## REQUIRED ACTION
Beginning at the line with "Tokyo, Japan. 29", please repeat each line exactly through the end of the records below, including that first line and the last, but no pictures.
Start of Block
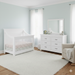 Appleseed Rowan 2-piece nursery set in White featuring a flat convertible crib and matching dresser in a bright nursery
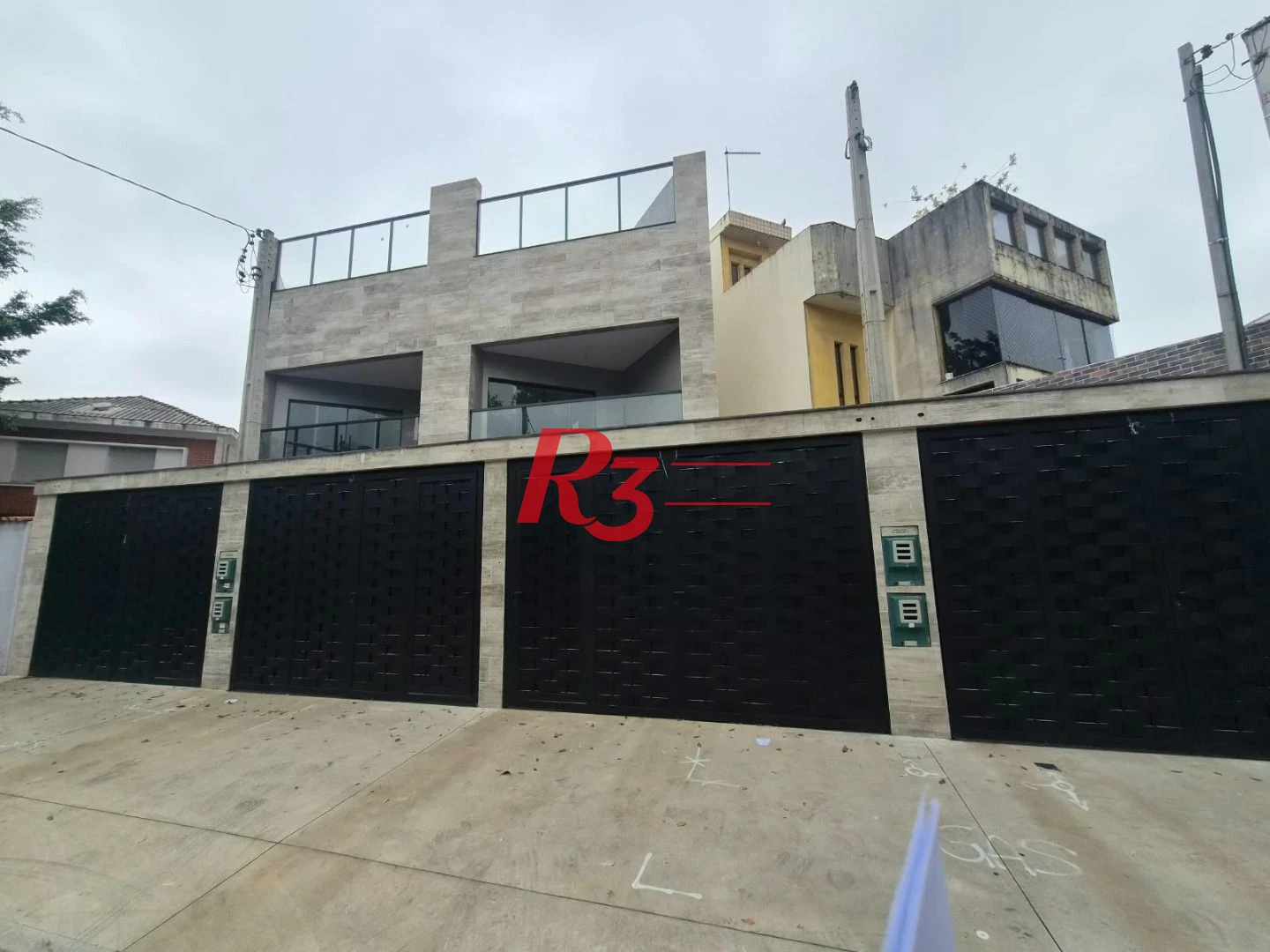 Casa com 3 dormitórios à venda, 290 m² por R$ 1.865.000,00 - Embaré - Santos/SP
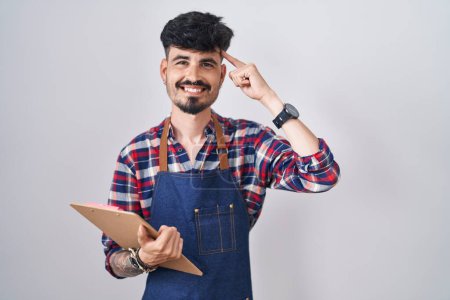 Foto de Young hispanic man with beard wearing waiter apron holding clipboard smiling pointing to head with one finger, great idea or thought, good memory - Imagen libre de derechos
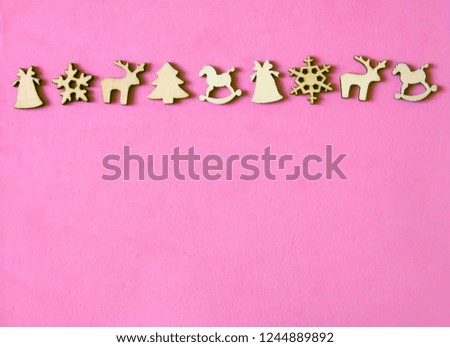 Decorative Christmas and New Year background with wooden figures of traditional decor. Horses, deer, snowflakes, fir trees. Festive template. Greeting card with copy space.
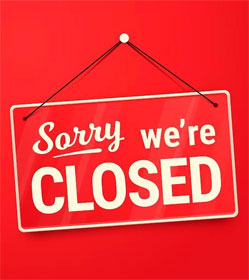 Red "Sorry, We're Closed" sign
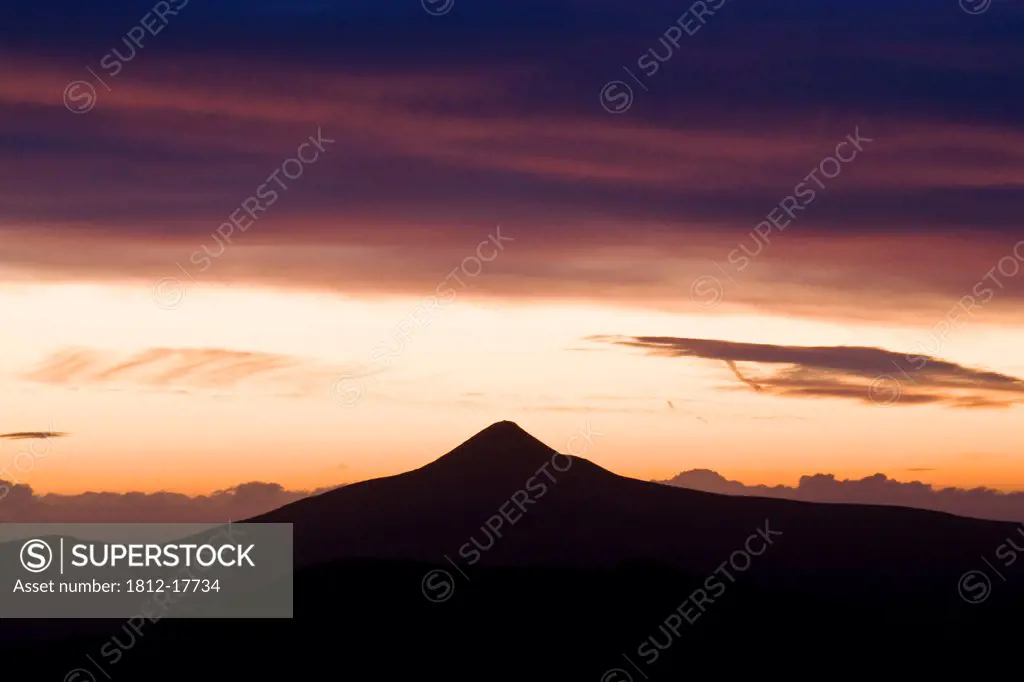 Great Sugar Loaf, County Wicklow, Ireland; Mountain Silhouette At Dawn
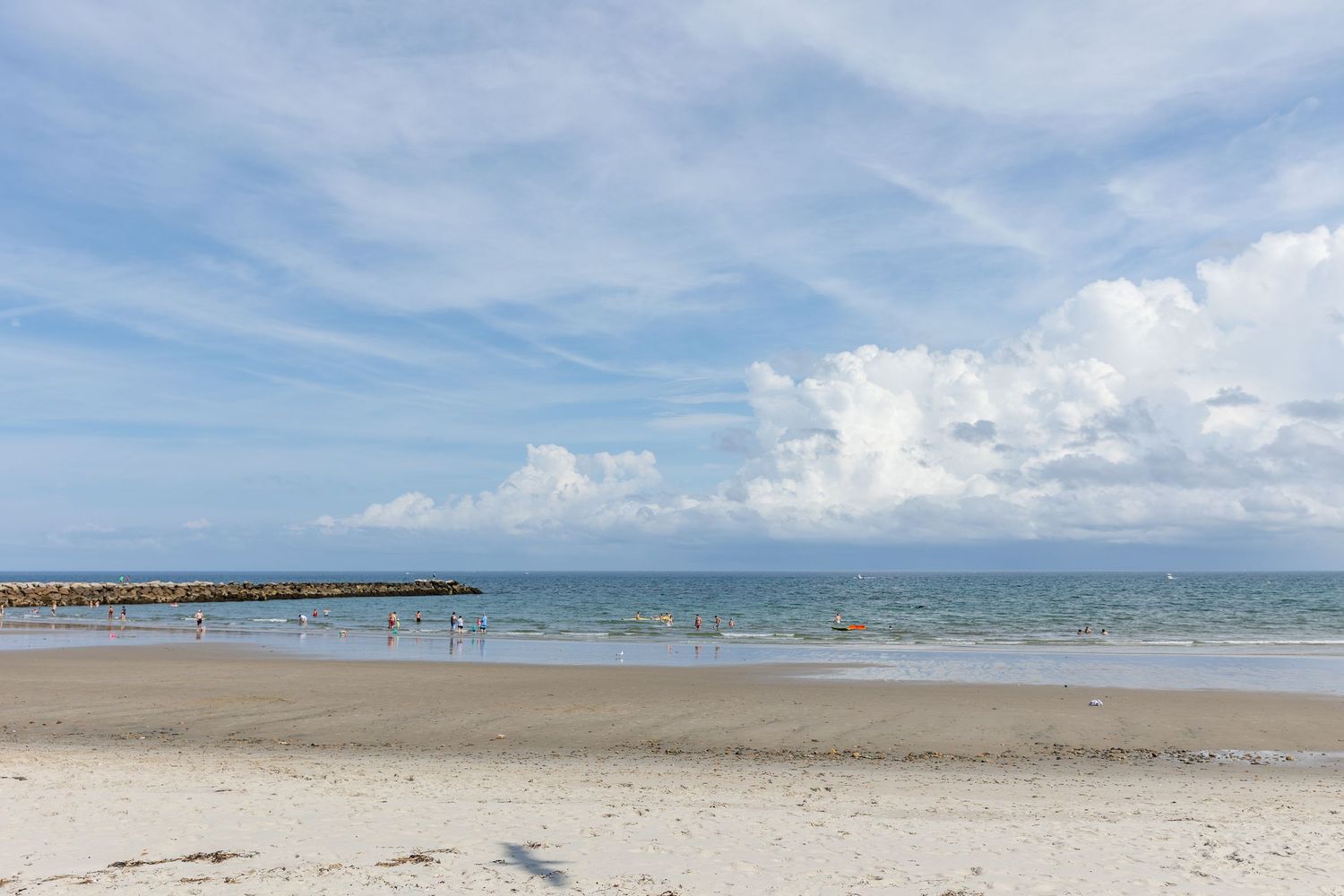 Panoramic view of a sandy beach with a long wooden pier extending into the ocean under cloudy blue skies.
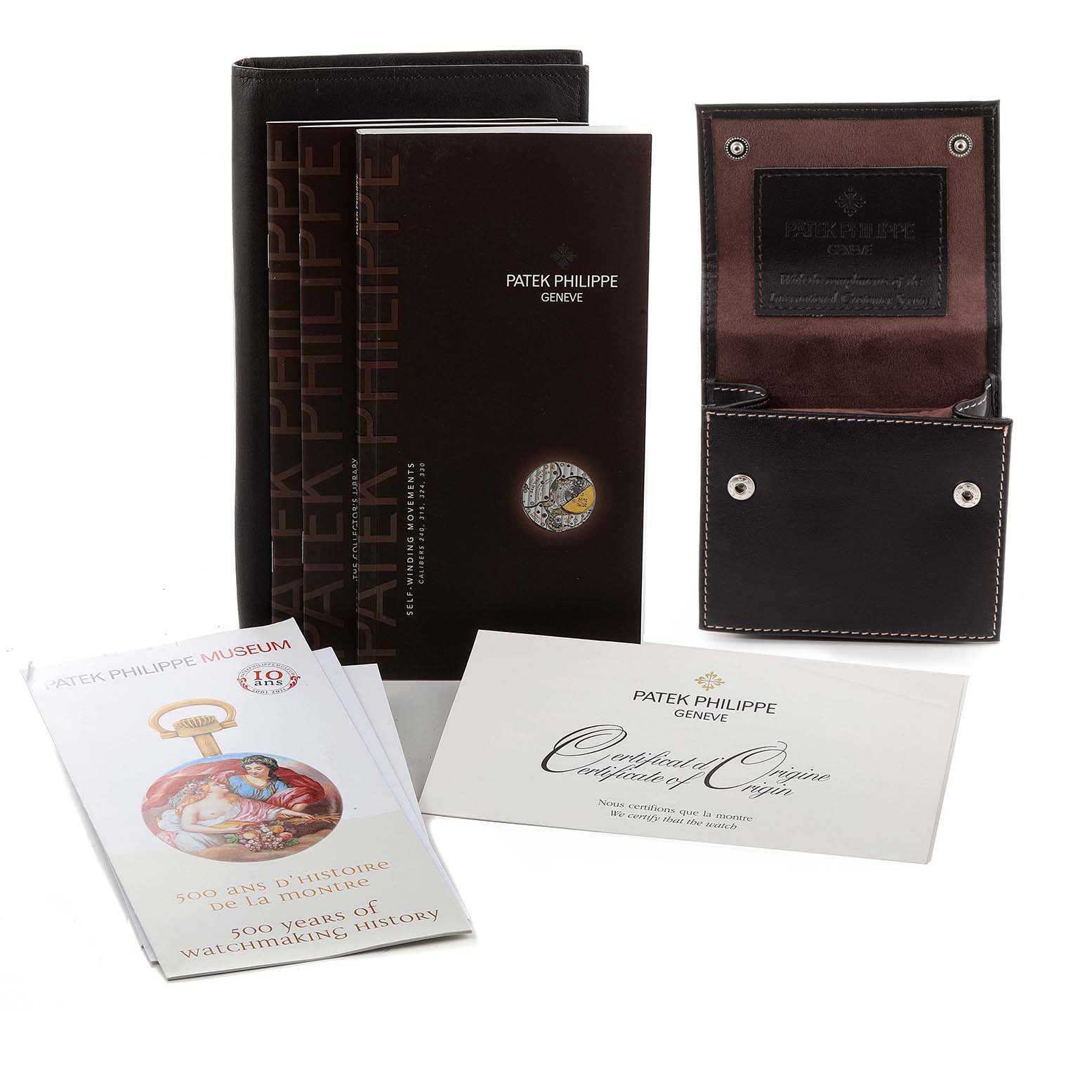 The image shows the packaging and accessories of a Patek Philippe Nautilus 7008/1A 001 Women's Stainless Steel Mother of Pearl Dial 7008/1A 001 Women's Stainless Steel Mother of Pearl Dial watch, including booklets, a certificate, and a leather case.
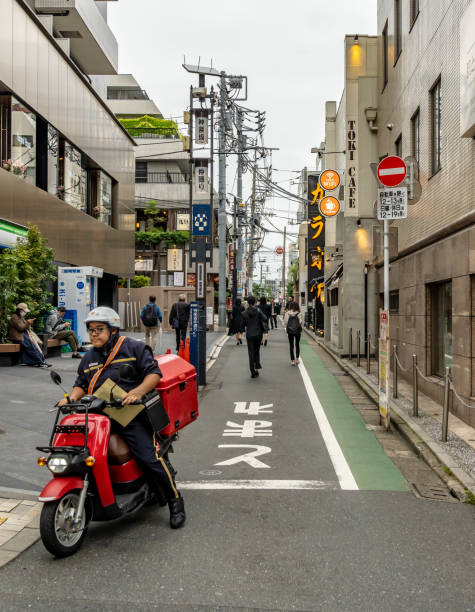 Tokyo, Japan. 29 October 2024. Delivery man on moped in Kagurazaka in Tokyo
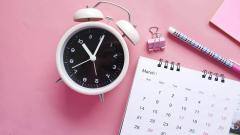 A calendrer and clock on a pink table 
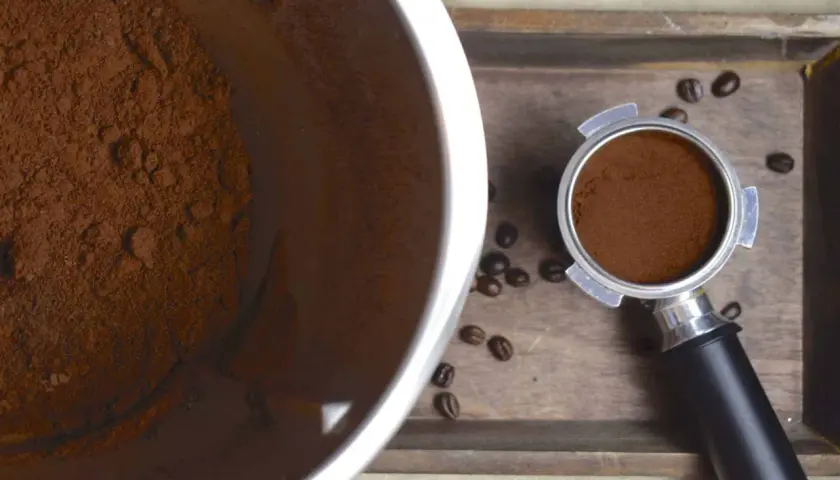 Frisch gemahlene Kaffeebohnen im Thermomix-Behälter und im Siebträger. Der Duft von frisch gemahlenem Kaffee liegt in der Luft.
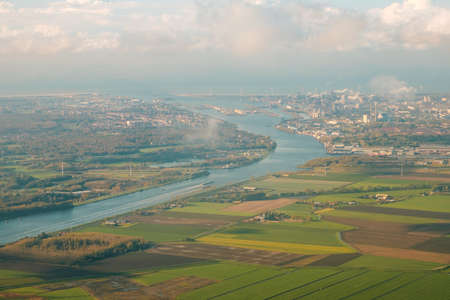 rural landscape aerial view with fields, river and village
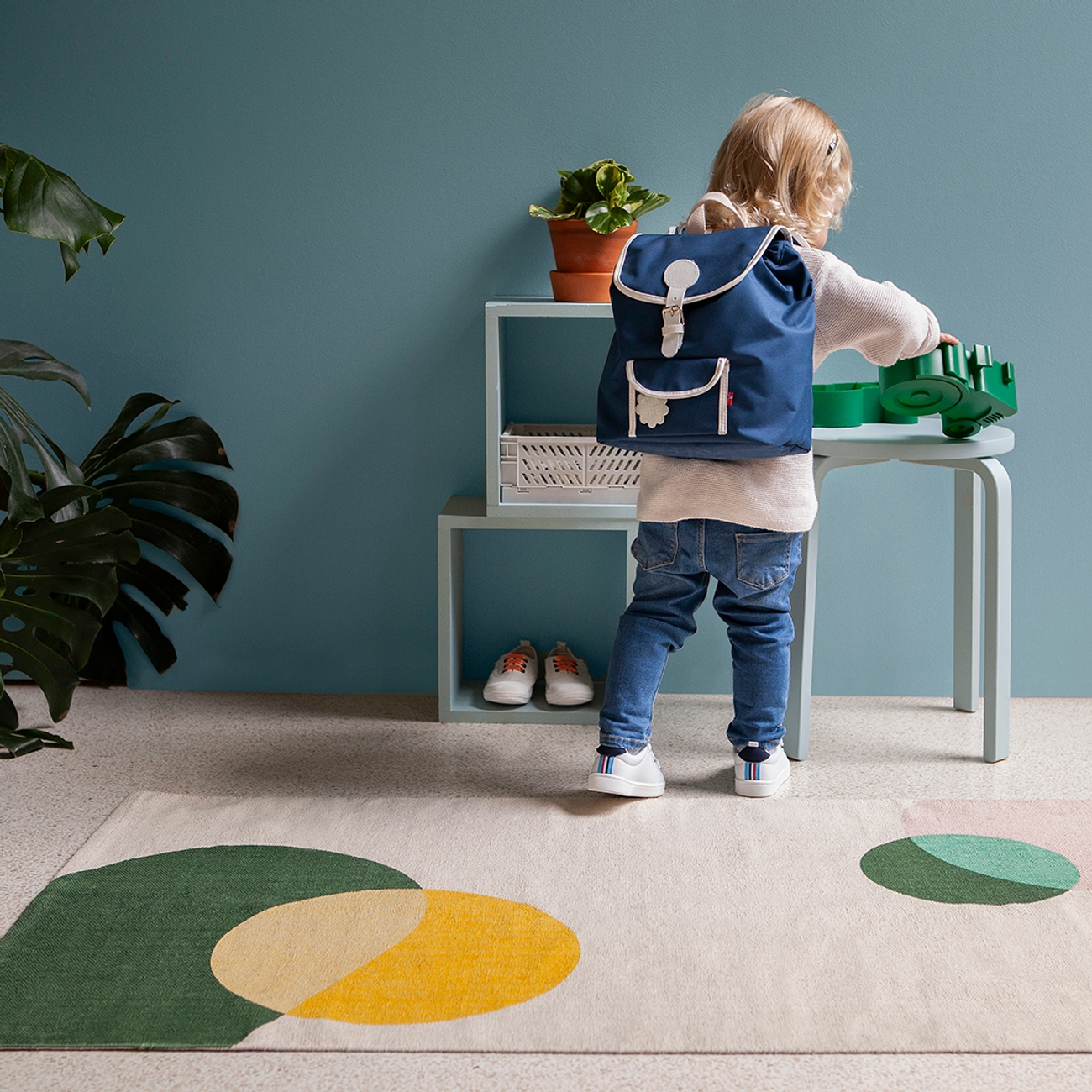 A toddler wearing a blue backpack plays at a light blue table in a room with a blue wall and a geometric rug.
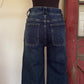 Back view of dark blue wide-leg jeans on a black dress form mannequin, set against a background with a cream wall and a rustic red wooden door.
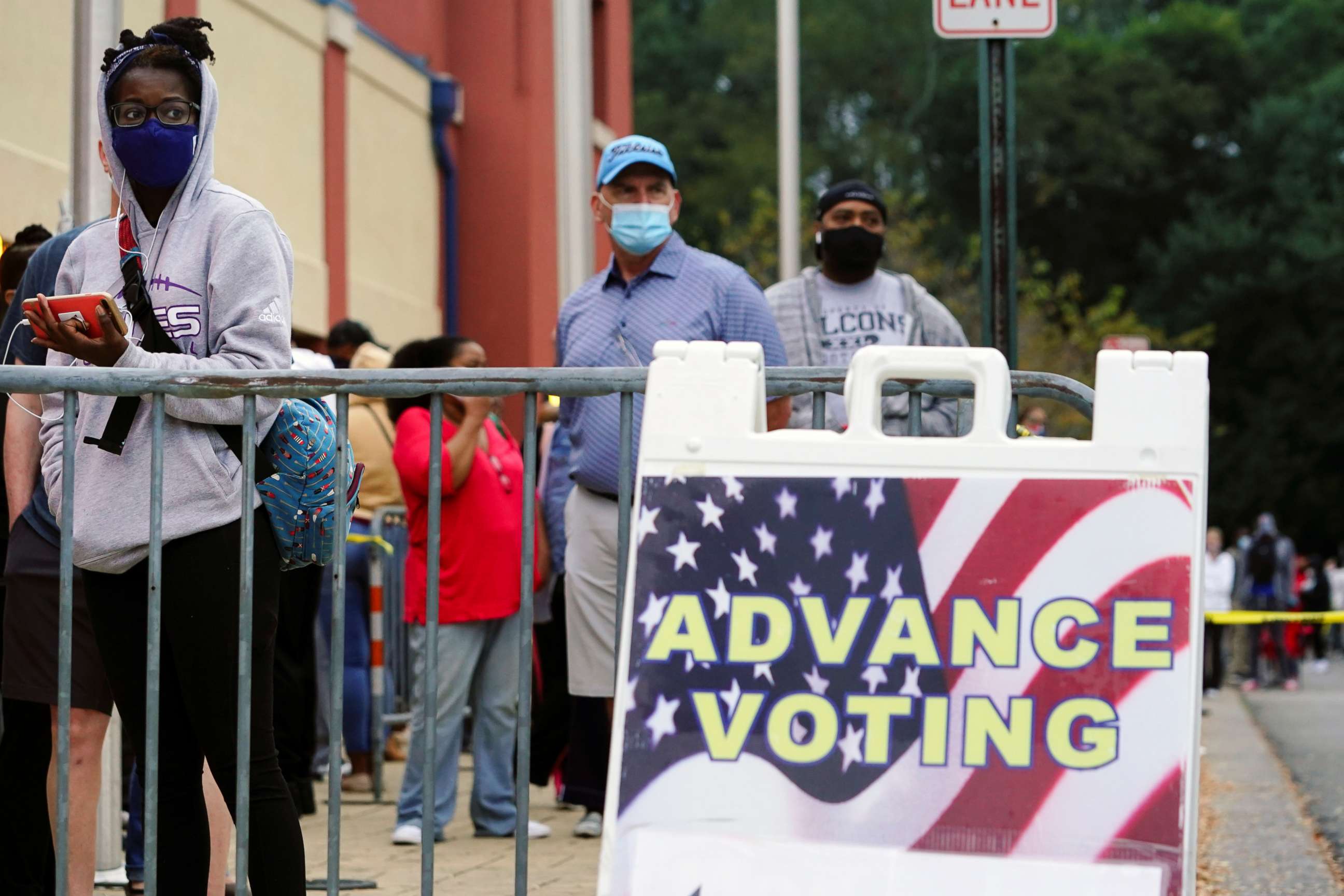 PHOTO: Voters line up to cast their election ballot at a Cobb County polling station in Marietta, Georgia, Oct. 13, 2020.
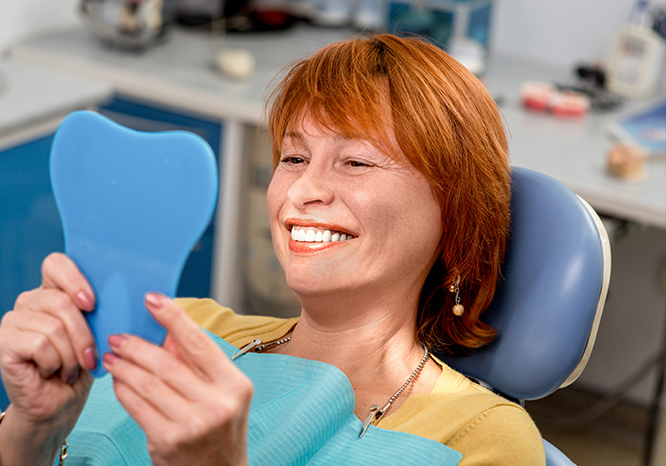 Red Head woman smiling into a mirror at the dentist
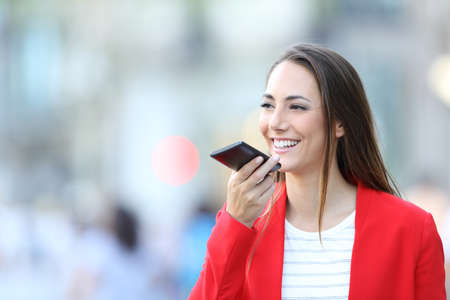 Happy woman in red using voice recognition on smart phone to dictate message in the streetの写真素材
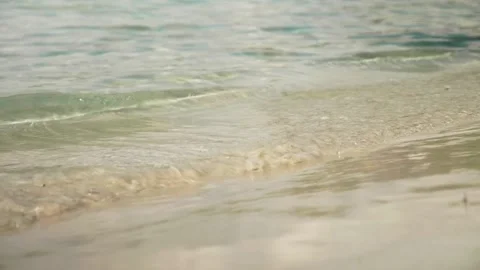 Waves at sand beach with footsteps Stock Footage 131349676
End of Block
## RESPONSE TO THIS TASK
 Tokyo, Japan. 29 October 2024. Delivery man on moped in Kagurazaka in Tokyo
 A calendrer and clock on a pink table 
 Frisch gemahlene Kaffeebohnen im Thermomix-Behälter und im Siebträger. Der Duft von frisch gemahlenem Kaffee liegt in der Luft.
 rural landscape aerial view with fields, river and village
 A toddler wearing a blue backpack plays at a light blue table in a room with a blue wall and a geometric rug.
 Back view of dark blue wide-leg jeans on a black dress form mannequin, set against a background with a cream wall and a rustic red wooden door.
 PHOTO: Voters line up to cast their election ballot at a Cobb County polling station in Marietta, Georgia, Oct. 13, 2020.
 Red Head woman smiling into a mirror at the dentist
 Happy woman in red using voice recognition on smart phone to dictate message in the streetの写真素材
 Waves at sand beach with footsteps Stock Footage 131349676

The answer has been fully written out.